Scraped caption text data
>>>

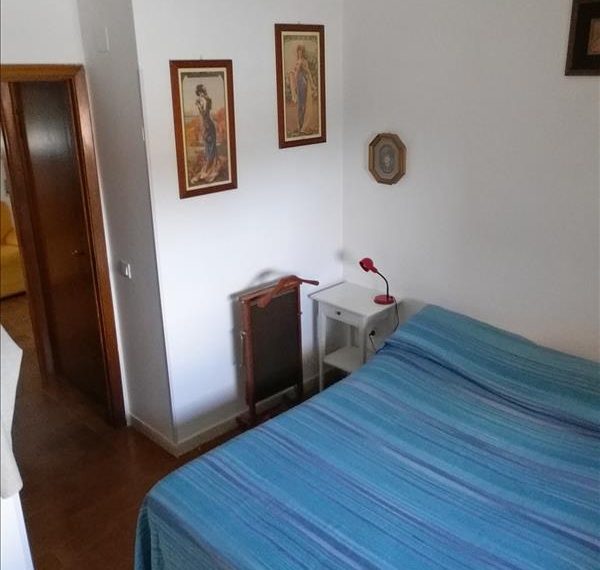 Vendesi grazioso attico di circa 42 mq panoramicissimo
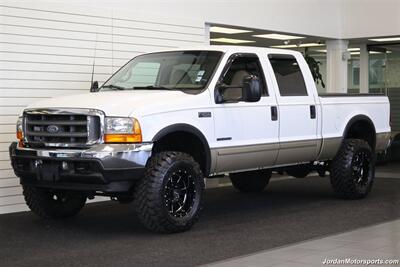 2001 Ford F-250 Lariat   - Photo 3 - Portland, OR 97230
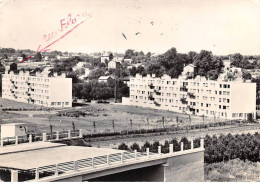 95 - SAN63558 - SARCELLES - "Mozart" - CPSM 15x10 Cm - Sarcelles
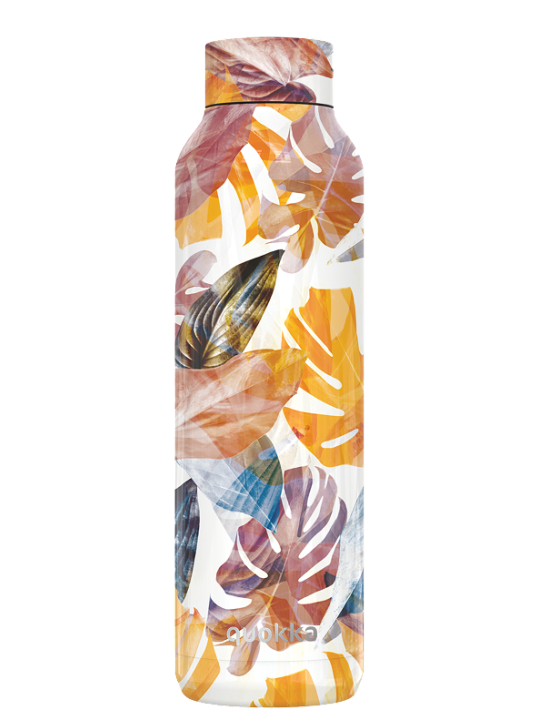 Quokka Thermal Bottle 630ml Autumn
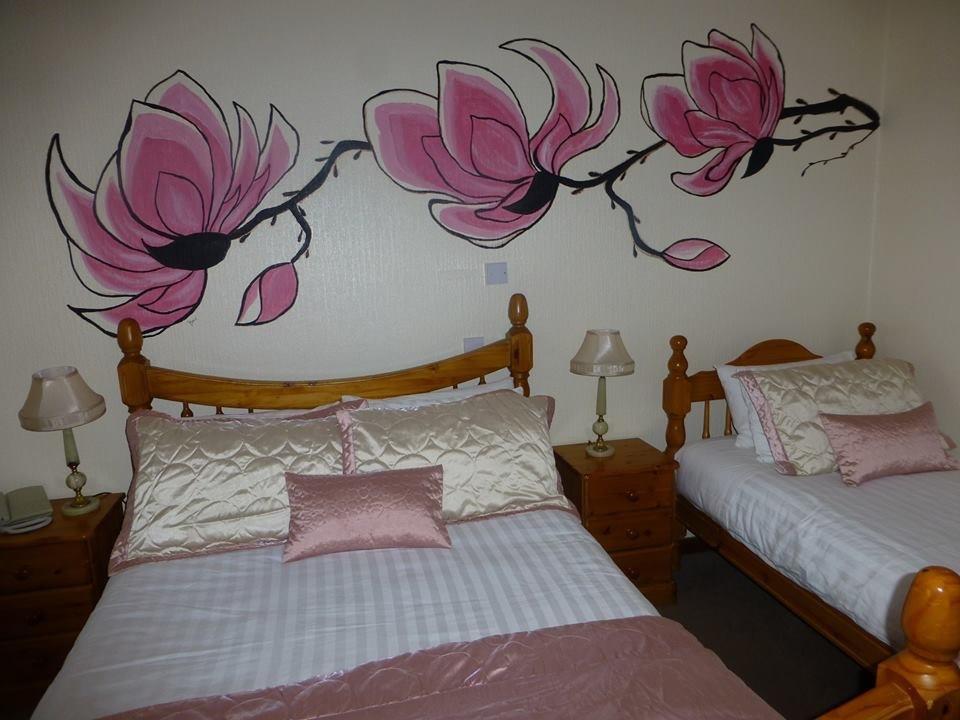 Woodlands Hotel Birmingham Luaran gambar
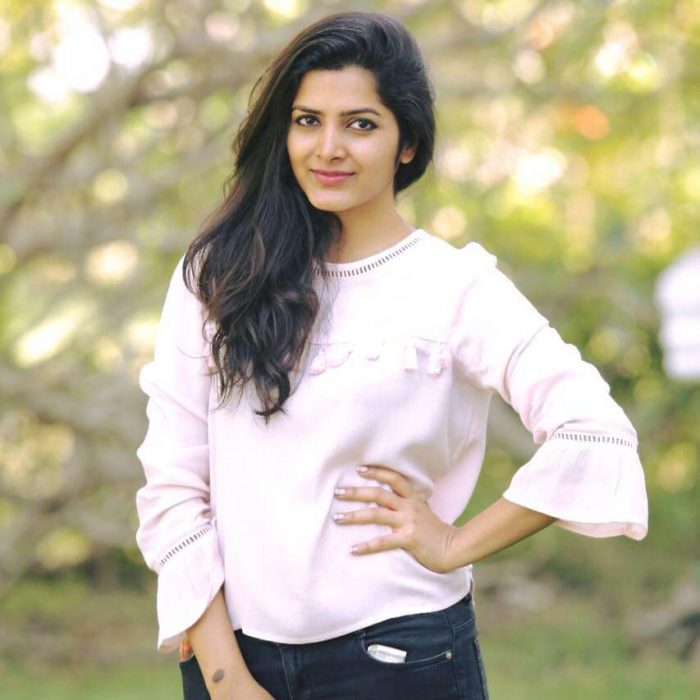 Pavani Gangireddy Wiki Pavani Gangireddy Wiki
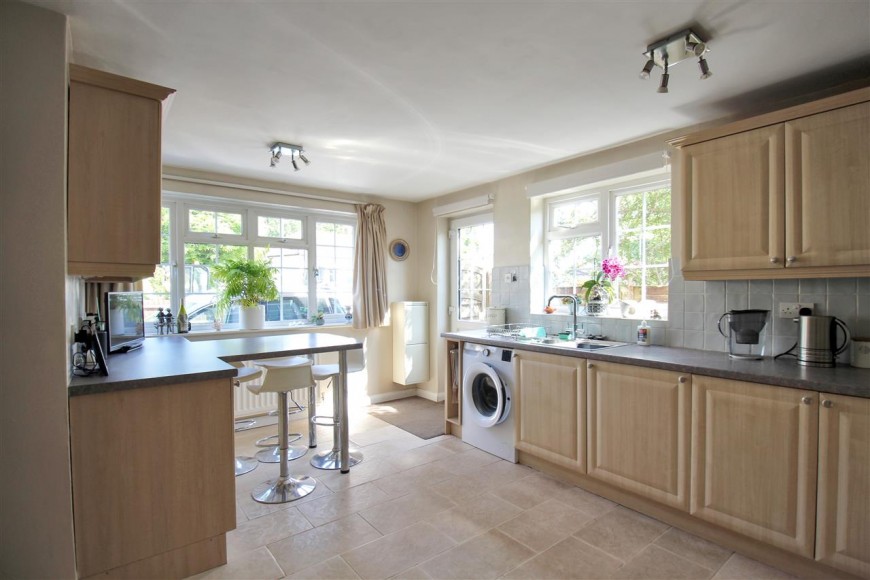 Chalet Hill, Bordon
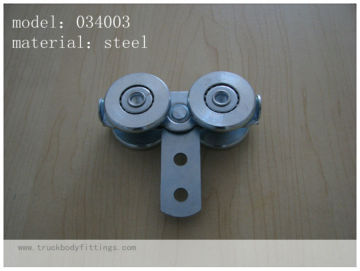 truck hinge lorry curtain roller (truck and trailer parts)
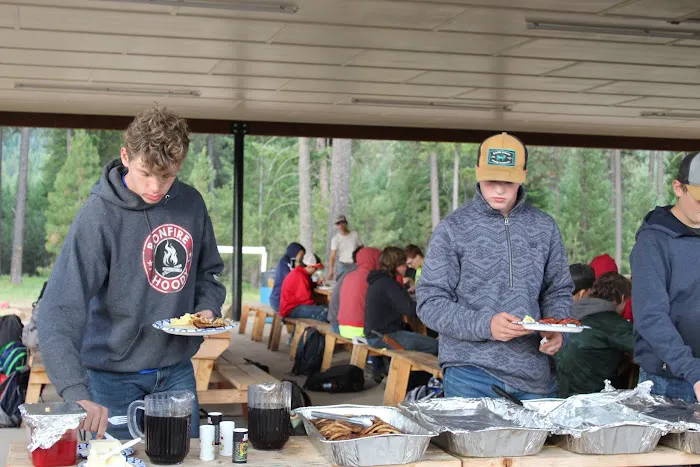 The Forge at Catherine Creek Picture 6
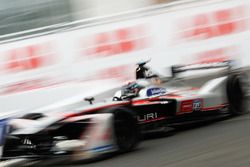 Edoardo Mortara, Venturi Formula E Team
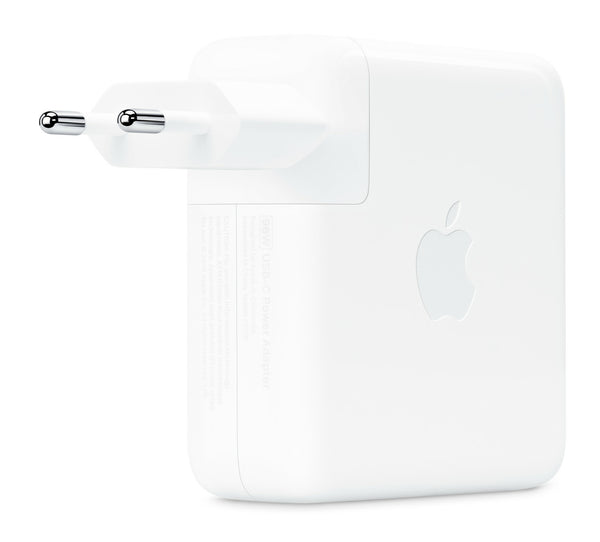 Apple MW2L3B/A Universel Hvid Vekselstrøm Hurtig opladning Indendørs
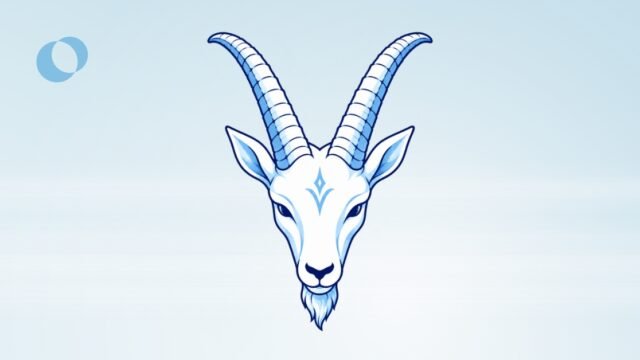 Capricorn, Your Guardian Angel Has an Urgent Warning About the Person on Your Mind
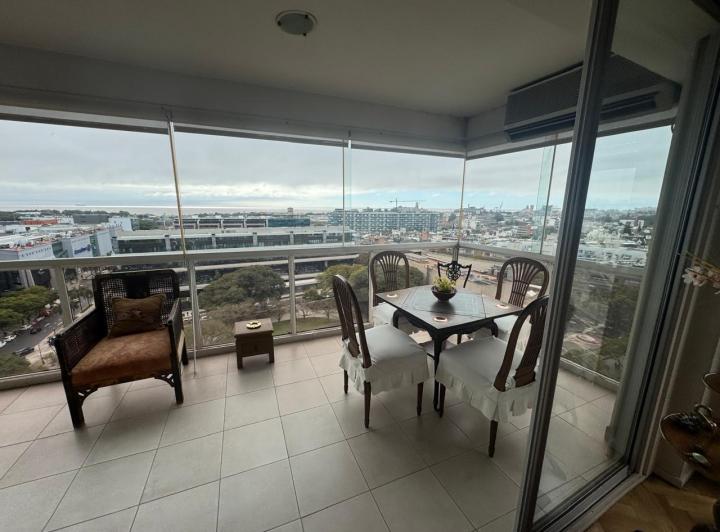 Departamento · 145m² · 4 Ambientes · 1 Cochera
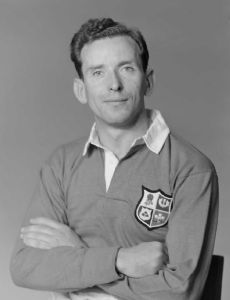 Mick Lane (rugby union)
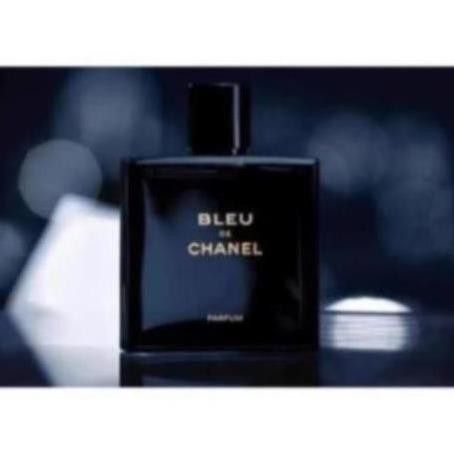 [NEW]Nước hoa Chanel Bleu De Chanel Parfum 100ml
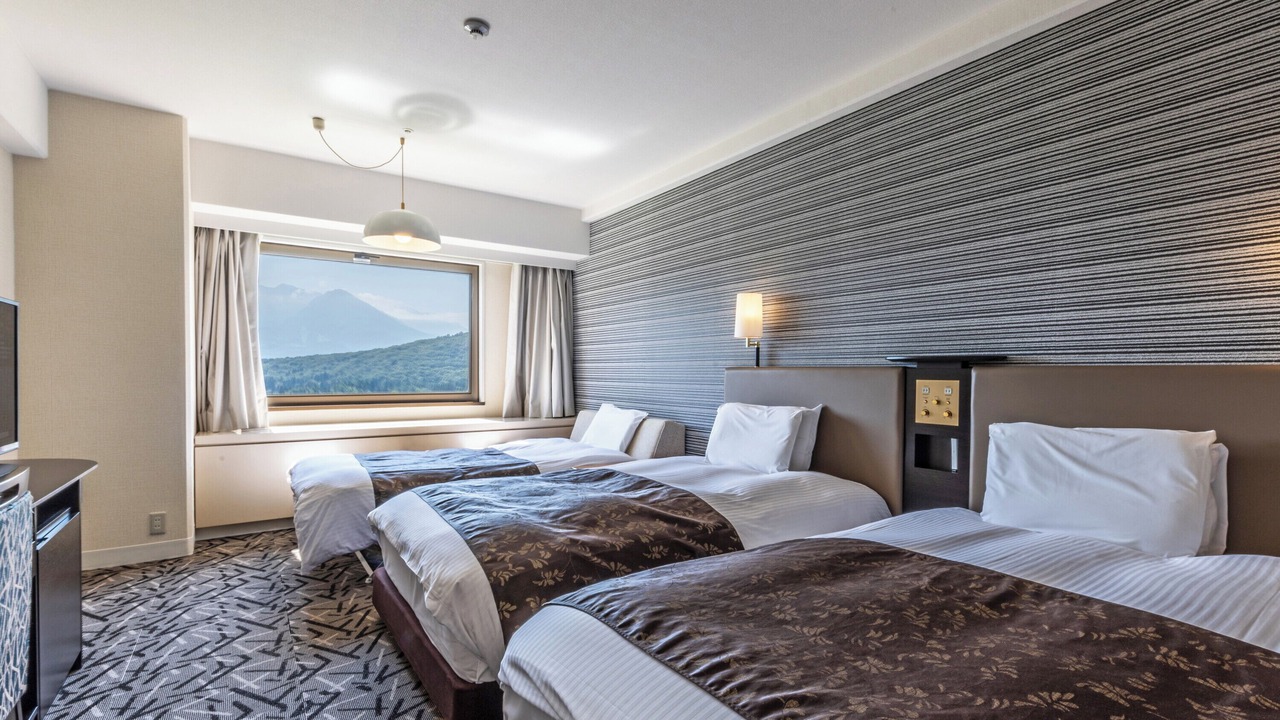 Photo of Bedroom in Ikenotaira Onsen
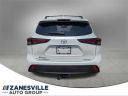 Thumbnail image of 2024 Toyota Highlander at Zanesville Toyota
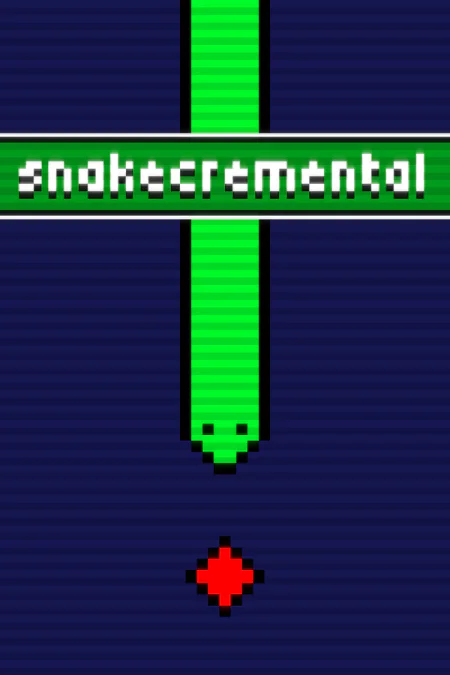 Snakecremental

<<<

> Your assignment
Give back all entries exactly. No pictures belong in the copy.

> Solved problem
 Vendesi grazioso attico di circa 42 mq panoramicissimo
 2001 Ford F-250 Lariat   - Photo 3 - Portland, OR 97230
 95 - SAN63558 - SARCELLES - "Mozart" - CPSM 15x10 Cm - Sarcelles
 Quokka Thermal Bottle 630ml Autumn
 Woodlands Hotel Birmingham Luaran gambar
 Pavani Gangireddy Wiki Pavani Gangireddy Wiki
 Chalet Hill, Bordon
 truck hinge lorry curtain roller (truck and trailer parts)
 The Forge at Catherine Creek Picture 6
 Edoardo Mortara, Venturi Formula E Team
 Apple MW2L3B/A Universel Hvid Vekselstrøm Hurtig opladning Indendørs
 Capricorn, Your Guardian Angel Has an Urgent Warning About the Person on Your Mind
 Departamento · 145m² · 4 Ambientes · 1 Cochera
 Mick Lane (rugby union)
 [NEW]Nước hoa Chanel Bleu De Chanel Parfum 100ml
 Photo of Bedroom in Ikenotaira Onsen
 Thumbnail image of 2024 Toyota Highlander at Zanesville Toyota
 Snakecremental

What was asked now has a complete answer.